Intuition Behind the Birthday Bets

The "birthday bets" are a standard example in statistics classes. How many people must be in a room before it is more likely than not that two of them were born during the same month? Or in a more complex form, how many people must be in a room to make it more likely than not that two of them share the same birthday?

The misguided intro-student logic usually goes something like this. There are 12 months in a year. So to have more than a 50% chance of two people sharing a birth month, I need 7 people in the room (that is, 50% of 12 plus one more). Or there are 365 days in a year. So to have more than a 50% chance of two people sharing a specific birthdate, we need 183 people in the room. In a short article in Scientific American, David Hand explains the math behind the 365-day birthday bets.

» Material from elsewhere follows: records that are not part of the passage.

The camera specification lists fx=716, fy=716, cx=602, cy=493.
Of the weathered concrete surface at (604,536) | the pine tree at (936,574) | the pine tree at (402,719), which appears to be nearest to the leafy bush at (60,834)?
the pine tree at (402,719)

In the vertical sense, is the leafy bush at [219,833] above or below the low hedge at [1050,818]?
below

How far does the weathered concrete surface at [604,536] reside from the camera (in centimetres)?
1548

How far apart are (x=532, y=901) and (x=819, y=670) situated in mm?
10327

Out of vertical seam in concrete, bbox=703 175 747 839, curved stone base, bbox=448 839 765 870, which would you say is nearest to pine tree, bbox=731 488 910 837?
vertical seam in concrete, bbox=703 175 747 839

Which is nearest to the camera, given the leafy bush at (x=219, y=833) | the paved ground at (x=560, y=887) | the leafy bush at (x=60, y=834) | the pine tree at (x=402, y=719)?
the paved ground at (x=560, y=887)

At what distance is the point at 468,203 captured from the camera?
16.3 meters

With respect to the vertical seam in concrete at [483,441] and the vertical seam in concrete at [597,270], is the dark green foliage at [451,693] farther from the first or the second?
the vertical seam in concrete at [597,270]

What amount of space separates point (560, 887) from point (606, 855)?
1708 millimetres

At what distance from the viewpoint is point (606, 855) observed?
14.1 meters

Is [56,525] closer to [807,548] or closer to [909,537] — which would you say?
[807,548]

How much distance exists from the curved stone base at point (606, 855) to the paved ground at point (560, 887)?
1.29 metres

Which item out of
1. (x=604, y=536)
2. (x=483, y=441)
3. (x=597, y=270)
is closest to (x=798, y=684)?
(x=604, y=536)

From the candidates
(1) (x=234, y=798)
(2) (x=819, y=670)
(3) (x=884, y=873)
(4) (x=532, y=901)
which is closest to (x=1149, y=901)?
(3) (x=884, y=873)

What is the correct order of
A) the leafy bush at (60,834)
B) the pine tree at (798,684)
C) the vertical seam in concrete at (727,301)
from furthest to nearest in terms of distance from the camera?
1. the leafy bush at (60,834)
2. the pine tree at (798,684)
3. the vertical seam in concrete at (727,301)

Hand argues that the common fallacy in thinking about these bets is that people think about how many people it would take to share the same birth month or birthday with them. Thus, I think about how many people would need to be in the room to share my birth month, or my birth date. But that's not the actual question being asked. The question is about whether any two people in the room share the same birth month or the same birth date.

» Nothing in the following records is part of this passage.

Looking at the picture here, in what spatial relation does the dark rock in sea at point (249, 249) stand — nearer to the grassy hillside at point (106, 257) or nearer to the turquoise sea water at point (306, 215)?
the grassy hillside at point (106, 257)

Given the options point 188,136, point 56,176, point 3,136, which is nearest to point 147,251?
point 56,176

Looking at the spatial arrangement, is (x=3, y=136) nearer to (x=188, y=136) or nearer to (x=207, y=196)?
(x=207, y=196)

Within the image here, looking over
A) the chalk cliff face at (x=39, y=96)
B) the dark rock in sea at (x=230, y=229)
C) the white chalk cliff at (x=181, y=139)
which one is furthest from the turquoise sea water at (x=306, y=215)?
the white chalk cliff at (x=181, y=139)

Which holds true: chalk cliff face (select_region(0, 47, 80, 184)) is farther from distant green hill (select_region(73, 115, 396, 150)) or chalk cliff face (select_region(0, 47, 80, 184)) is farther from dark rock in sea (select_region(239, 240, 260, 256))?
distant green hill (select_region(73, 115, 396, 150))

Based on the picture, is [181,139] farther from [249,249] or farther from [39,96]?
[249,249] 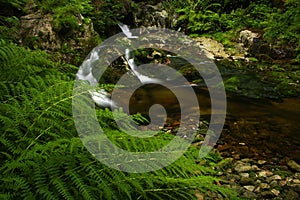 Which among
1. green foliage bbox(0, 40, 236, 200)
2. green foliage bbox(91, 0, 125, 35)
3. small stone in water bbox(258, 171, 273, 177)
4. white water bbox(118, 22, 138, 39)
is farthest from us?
white water bbox(118, 22, 138, 39)

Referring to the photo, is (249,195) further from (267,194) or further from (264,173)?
(264,173)

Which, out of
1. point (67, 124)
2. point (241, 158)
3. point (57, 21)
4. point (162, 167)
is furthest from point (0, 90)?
point (57, 21)

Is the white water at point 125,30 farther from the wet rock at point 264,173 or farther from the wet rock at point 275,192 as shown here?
the wet rock at point 275,192

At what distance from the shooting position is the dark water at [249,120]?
4109 mm

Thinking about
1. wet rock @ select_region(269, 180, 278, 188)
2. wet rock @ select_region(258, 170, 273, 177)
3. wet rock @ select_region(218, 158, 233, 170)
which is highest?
wet rock @ select_region(269, 180, 278, 188)

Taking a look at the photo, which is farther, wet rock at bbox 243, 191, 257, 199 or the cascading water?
the cascading water

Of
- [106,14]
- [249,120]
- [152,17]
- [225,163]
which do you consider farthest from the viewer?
[152,17]

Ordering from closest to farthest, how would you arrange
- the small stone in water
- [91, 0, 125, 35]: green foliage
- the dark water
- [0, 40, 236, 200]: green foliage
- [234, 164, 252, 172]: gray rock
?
[0, 40, 236, 200]: green foliage
the small stone in water
[234, 164, 252, 172]: gray rock
the dark water
[91, 0, 125, 35]: green foliage

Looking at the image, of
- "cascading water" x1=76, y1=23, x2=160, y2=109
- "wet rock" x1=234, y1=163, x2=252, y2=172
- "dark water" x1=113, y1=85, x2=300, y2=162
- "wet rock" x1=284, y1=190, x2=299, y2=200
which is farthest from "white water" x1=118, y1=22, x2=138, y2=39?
"wet rock" x1=284, y1=190, x2=299, y2=200

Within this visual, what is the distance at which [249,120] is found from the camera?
5266mm

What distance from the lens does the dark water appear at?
4.11m

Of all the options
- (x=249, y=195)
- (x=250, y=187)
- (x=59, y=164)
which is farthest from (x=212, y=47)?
(x=59, y=164)

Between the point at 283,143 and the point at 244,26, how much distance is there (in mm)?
10350

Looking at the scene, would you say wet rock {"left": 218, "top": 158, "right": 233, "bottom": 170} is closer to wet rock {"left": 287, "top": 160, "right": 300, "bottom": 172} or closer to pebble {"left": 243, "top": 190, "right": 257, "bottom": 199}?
pebble {"left": 243, "top": 190, "right": 257, "bottom": 199} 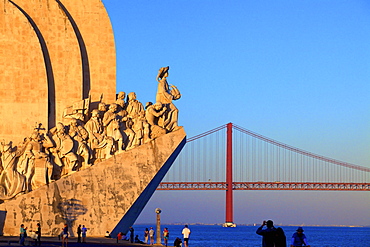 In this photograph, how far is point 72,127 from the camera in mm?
18547

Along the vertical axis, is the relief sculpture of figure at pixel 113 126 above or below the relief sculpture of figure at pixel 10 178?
above

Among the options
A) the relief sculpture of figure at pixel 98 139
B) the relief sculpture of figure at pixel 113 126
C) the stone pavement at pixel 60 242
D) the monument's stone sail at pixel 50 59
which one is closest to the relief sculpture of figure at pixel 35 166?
the monument's stone sail at pixel 50 59

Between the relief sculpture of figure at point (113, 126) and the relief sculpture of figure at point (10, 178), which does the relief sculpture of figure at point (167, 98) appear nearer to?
the relief sculpture of figure at point (113, 126)

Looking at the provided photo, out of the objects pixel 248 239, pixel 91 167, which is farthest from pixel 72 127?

The math for the birth month problem looks like this. The first person is born in a certain month. For the second person added to the room, the chances are 11/12 that the two people do not share a birth month. For the third person added to the room, the chances are 11/12 x 10/12 that all three of the people do not share a birth month. For the fourth person added to a room, the chances are 11/12 x 10/12 x 9/12 that all four of the people do not share a birth month. And for the fifth person added to the room, the chances are 11/12 x 10/12 x 9/12 x 8/12 that none of the five share a birth month. This multiplies to about 38%, which means that in a room with five people, there is a 62% chance that two of them will share a birth month.

Applying the same logic to the birthday problem, it turns out that when you have a room with 23 people, the probability is greater than 50% that two of them will share a birthday.

I've come up with a mental image or metaphor that seems to help in explaining the intuition behind this result. Think of the birth months, or the birthdays, as written on squares on a wall. Now blindfold a person with very bad aim, and have them randomly throw a ball dipped in paint at the wall, so that it marks where it hits The question becomes: If a wall has 12 squares, how many random throws will be needed before there is a greater than 50% chance of hitting the same square twice?

The point here is that after you have hit the wall once, there is one chance in 12 of hitting the same square with a second throw. If that second throw hits a previously untouched square, then the third throw has one chance in six (that is, 2/12) of hitting a marked square. If the third throw hits a previously untouched square, then the fourth throw has one chance in four (that is, 3/12) of hitting a marked square. And if the fourth throw hits a previously untouched square, then the fifth throw has one chance in three (4/12) of hitting a previously touched square.

The metaphor helps in understanding the problem as a sequence of events. It also clarifies that the question is not how many additions it takes to match where the first throw (or the birth of the first person entering the room), but whether any two match. It also helps in understanding that if you have a reasonably sequence of events, even if none of the events individually have a greater than 50% chance of happening, it can still be likely that during the sequence the event will actually happen.

For example, when randomly throwing paint-dipped balls at a wall with 365 squares, think about a situation where you have thrown 18 balls without a match, so that approximately 5% of the wall is now covered. The next throw has about a 5% chance of matching a previous hit, as does the next throw, as does the next throw, as does the next throw. Taken together, all those roughly 5% chances one after another mean that you have a greater than 50% chance of matching a previous hit fairly soon--certainly well before you get up to 183 throws!